What's a Slider? It's a Widget.
What's a Widget? It's a Drawable.
What's a Drawable? It's an Object.

In this example, as with the red/color example, the first question and answer was useful and relevant (albeit incomplete), while the next two were useless. The lesson you seem to have drawn from this is that looking down (subclassward) is good, and looking up (superclassward) is bad. The lesson I draw from this is that relevance falls off rapidly with distance, and that each successive explanation should be of a different type. It is better to look a short distance in each direction rather than to look far in any one direction. Compare:

X is a color. This object is X. (One step up, one step down)
X is a color. A color is a quality that things have. (Two steps up)
This object is X. That object is also X. (Two steps down)

I would expect the first of these three explanations to succeed, and the other two to fail miserably.

"One step up and one step down" sounds like a valuable heuristic; it's what I actually did in the post, in fact. Upvoted.

A few months later, I've been teaching Anna and Luke and Will Ryan and others this rule as the "concrete-abstract pattern". Give a specific example with enough detail that the listener can visualize it as an image rather than as a proposition, and then describe it on the level of abstraction that explains what made it relevant. I.e., start with an application of Bayes's Theorem, then show the abstract equation that circumscribes what is or isn't an example of Bayes's Theorem.


Also, it is very important to give counter-examples: 'This crow over there belongs to the bird category. But the plane in the sky and the butterfly over there do not.' Or, more fitting the 'red' example: 'That stop sign and that traffic light are red. But this other traffic sign (can't think of an example) doesn't.'

And as well, this could be done with categories. 'Red is a color.

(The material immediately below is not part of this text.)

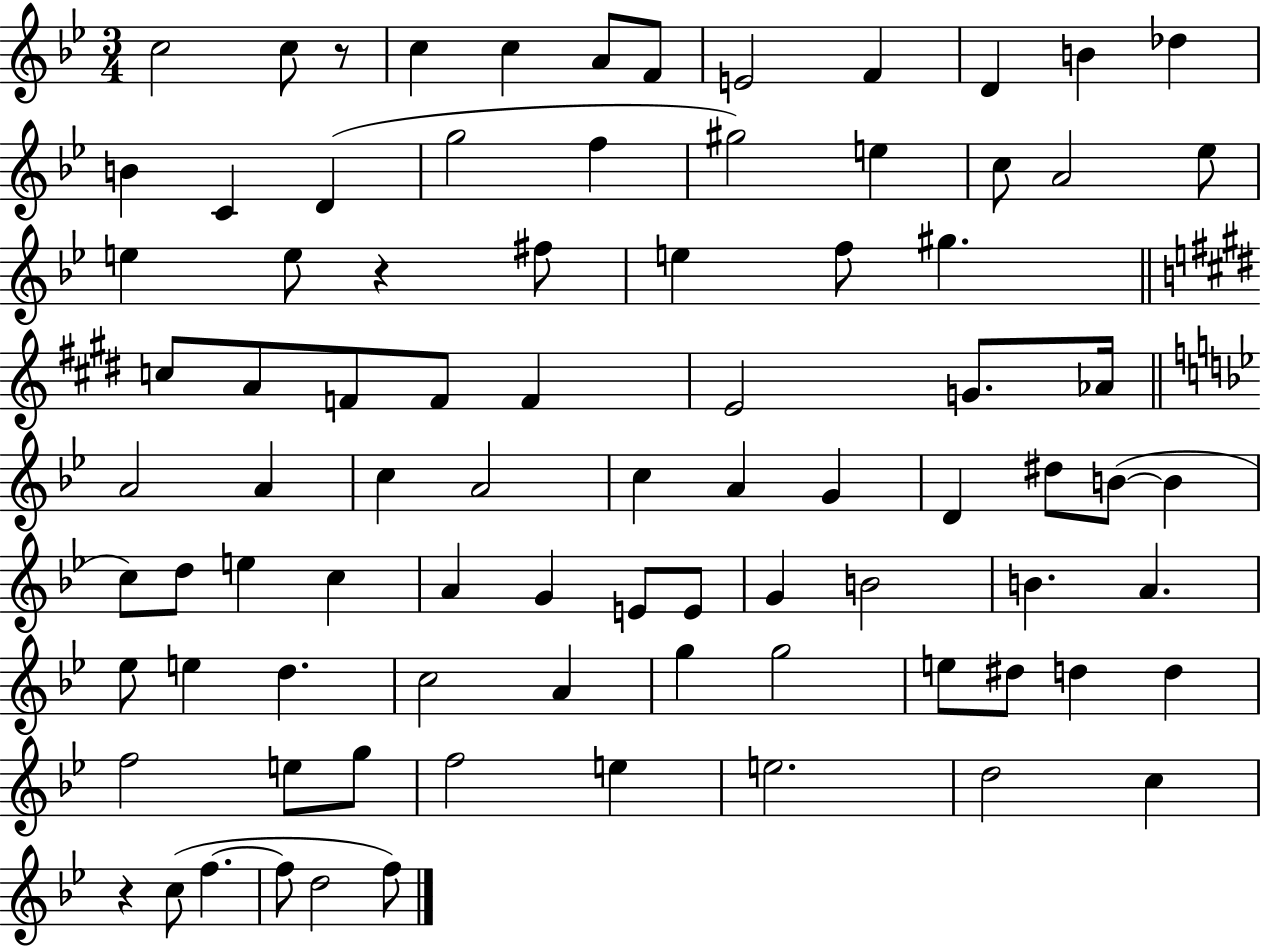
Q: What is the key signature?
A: BES major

Red is not a sound.'

I guess this one has something to do with confirmation bias, as cwillu suggested.


I'm a big fan of breaking things down to the finest grain thoughts possible, but it still surprises me how quickly this gets complicated when trying to actually write it down.

Example: Bob is overweight and an acquaintance mentions some "shangri-la" diet that helps people lose weight through some "flavor/calorie association". Instead of dismissing it immediately, he looks into it, adopts the diet, and comfortably achieves his desired weight.

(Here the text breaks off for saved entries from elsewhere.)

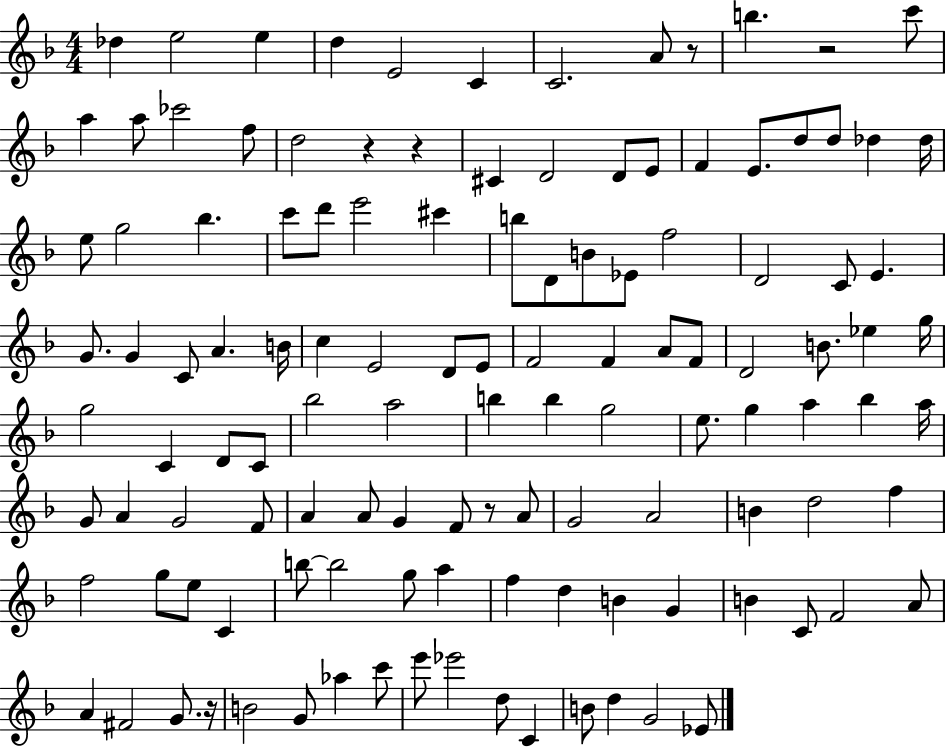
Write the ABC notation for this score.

X:1
T:Untitled
M:4/4
L:1/4
K:F
_d e2 e d E2 C C2 A/2 z/2 b z2 c'/2 a a/2 _c'2 f/2 d2 z z ^C D2 D/2 E/2 F E/2 d/2 d/2 _d _d/4 e/2 g2 _b c'/2 d'/2 e'2 ^c' b/2 D/2 B/2 _E/2 f2 D2 C/2 E G/2 G C/2 A B/4 c E2 D/2 E/2 F2 F A/2 F/2 D2 B/2 _e g/4 g2 C D/2 C/2 _b2 a2 b b g2 e/2 g a _b a/4 G/2 A G2 F/2 A A/2 G F/2 z/2 A/2 G2 A2 B d2 f f2 g/2 e/2 C b/2 b2 g/2 a f d B G B C/2 F2 A/2 A ^F2 G/2 z/4 B2 G/2 _a c'/2 e'/2 _e'2 d/2 C B/2 d G2 _E/2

1) Notice the feeling of surprise when encountering a claim that runs counter to your expectations.

2) Check in far mode the importance of the claim if it were true by running through a short list of concrete implications (eg "I can use this diet and as a result, I can enjoy exercise more, I can feel better about my body, etc")

  • If any thoughts along the lines of "but it's not true!" come up, remind yourself that you need to be able to clearly understand the implications of the statement and its importance separately from deciding its truth value, and that this is good practice even if this example is obviously false.

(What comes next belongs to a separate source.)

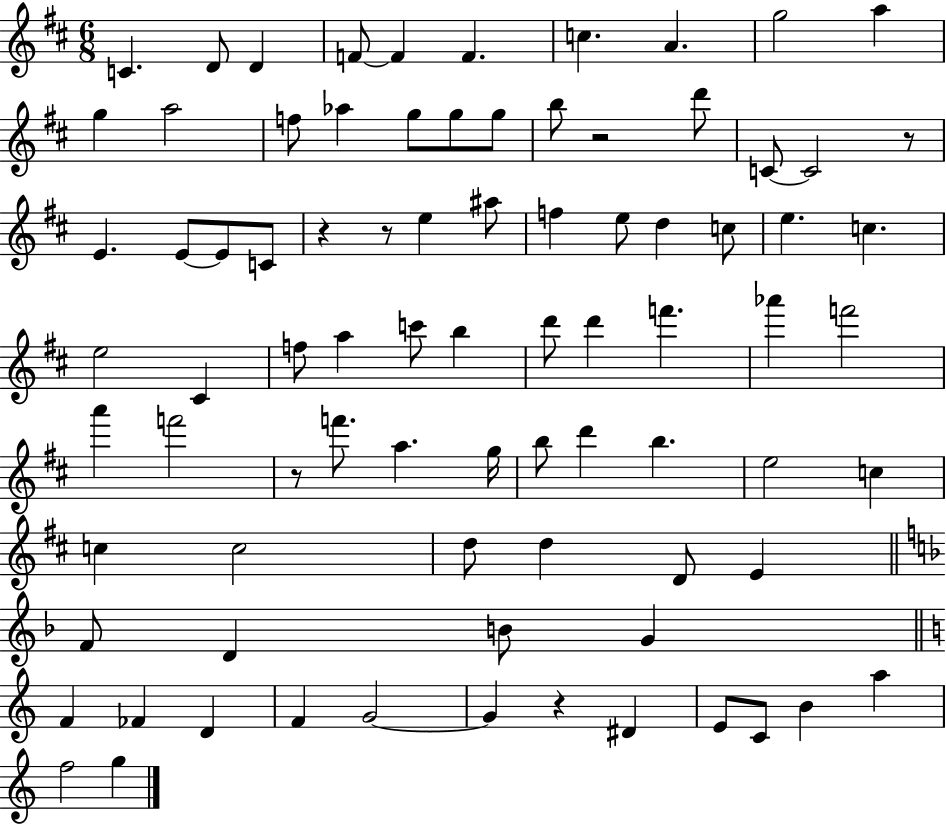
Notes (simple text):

C4/q. D4/e D4/q F4/e F4/q F4/q. C5/q. A4/q. G5/h A5/q G5/q A5/h F5/e Ab5/q G5/e G5/e G5/e B5/e R/h D6/e C4/e C4/h R/e E4/q. E4/e E4/e C4/e R/q R/e E5/q A#5/e F5/q E5/e D5/q C5/e E5/q. C5/q. E5/h C#4/q F5/e A5/q C6/e B5/q D6/e D6/q F6/q. Ab6/q F6/h A6/q F6/h R/e F6/e. A5/q. G5/s B5/e D6/q B5/q. E5/h C5/q C5/q C5/h D5/e D5/q D4/e E4/q F4/e D4/q B4/e G4/q F4/q FES4/q D4/q F4/q G4/h G4/q R/q D#4/q E4/e C4/e B4/q A5/q F5/h G5/q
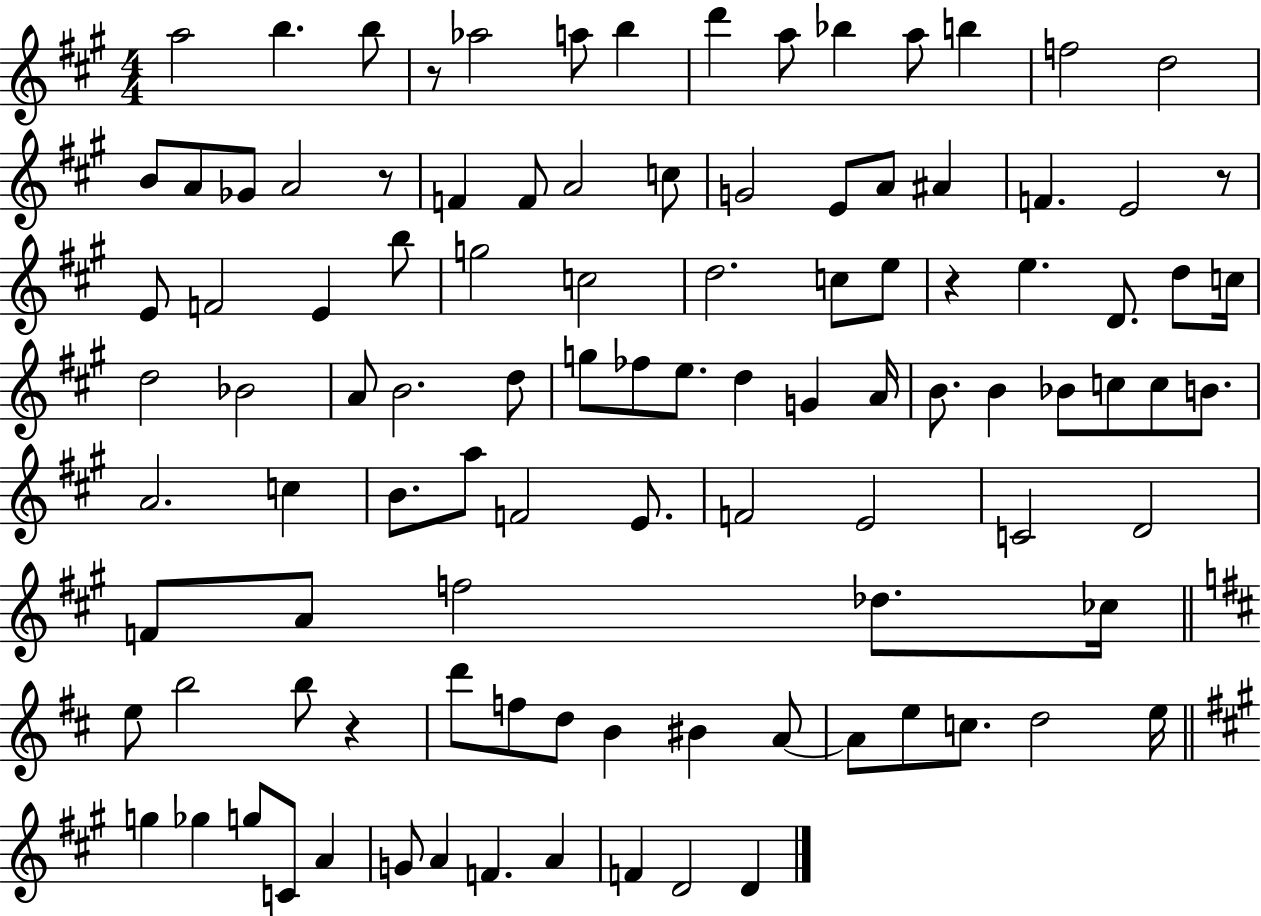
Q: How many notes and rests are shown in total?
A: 103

3) Imagine reaping the benefits in ... (read more)

Upvoted for being the only one to try the exercise.

"Be specific" is a nice flinch, I've always had it and it helps a lot. "Don't moralize" is a flinch I learned from experience and it also helps. Here's some other nice flinches I have:

  1. "Don't wait." Waiting for something always takes more time than I thought it would, so whenever I notice myself waiting, I switch to doing something useful in the meanwhile and push the waiting task into the background. Installing the habit took a little bit of effort, but by now it's automatic.

  2. "Don't hesitate." With some effort I got a working version of this flinch for tasks like programming, drawing or physical exercise. If something looks like it would make a good code fix or a good sketch, do it immediately. Would be nice to have this behavior for all other tasks too, but the change would take a lot of effort and I'm hesitating about it (ahem).

  3. "Don't take on debt." Anything that looks even vaguely similar to debt, I instinctively run away from it. Had this flinch since as far as I can remember. In fact I don't remember ever owing >100$ to anyone. So far it's served me well.

A nice hack from GTD is to keep a 'wait-for' list. I use that for orders, reactions to inquires, everything where someone has to get back to me. Put it on a list and forget about it. Extra points if you do not check the arrival time of you internet purchases at all during the first week of waiting.
I have the same debt-flinch, and the same feeling about how well it works, but with one qualification: I was persuaded to treat mortgage debt differently (though I've always been very conservative about how much I'd take on) and that seems to have served me very well too. This isn't meant as advice about mortgages: housing markets vary both spatially and temporally. More as a general point: it's probably difficult to make very sophisticated flinch-triggers, which means that even good flinching habits are likely to have exceptions from time to time, and sometimes they might be big ones.
Agreed. Kiyosaki's "Rich dad Poor dad" has lots of good advice about the difference between "good debt" and "bad debt". AFAI recall it boiled down to "only borrow money for assets, not liabilities" ie - good debt is borrowing for things that will continue to make you more money (including your appreciating house or your business) and bad debt is for things like holidays or house redecorating projects - things that simply take cash our of your hand. This has worked pretty well for me so far too.
Kiyosaki's "Rich Dad, Poor Dad" has also received some extremely harsh criticism, some of it at least from people who seem to have a clue what they're talking about. I haven't looked at it myself and am not a financial expert, but would advise anyone considering reading it and/or taking Kiyosaki's advice to exercise caution.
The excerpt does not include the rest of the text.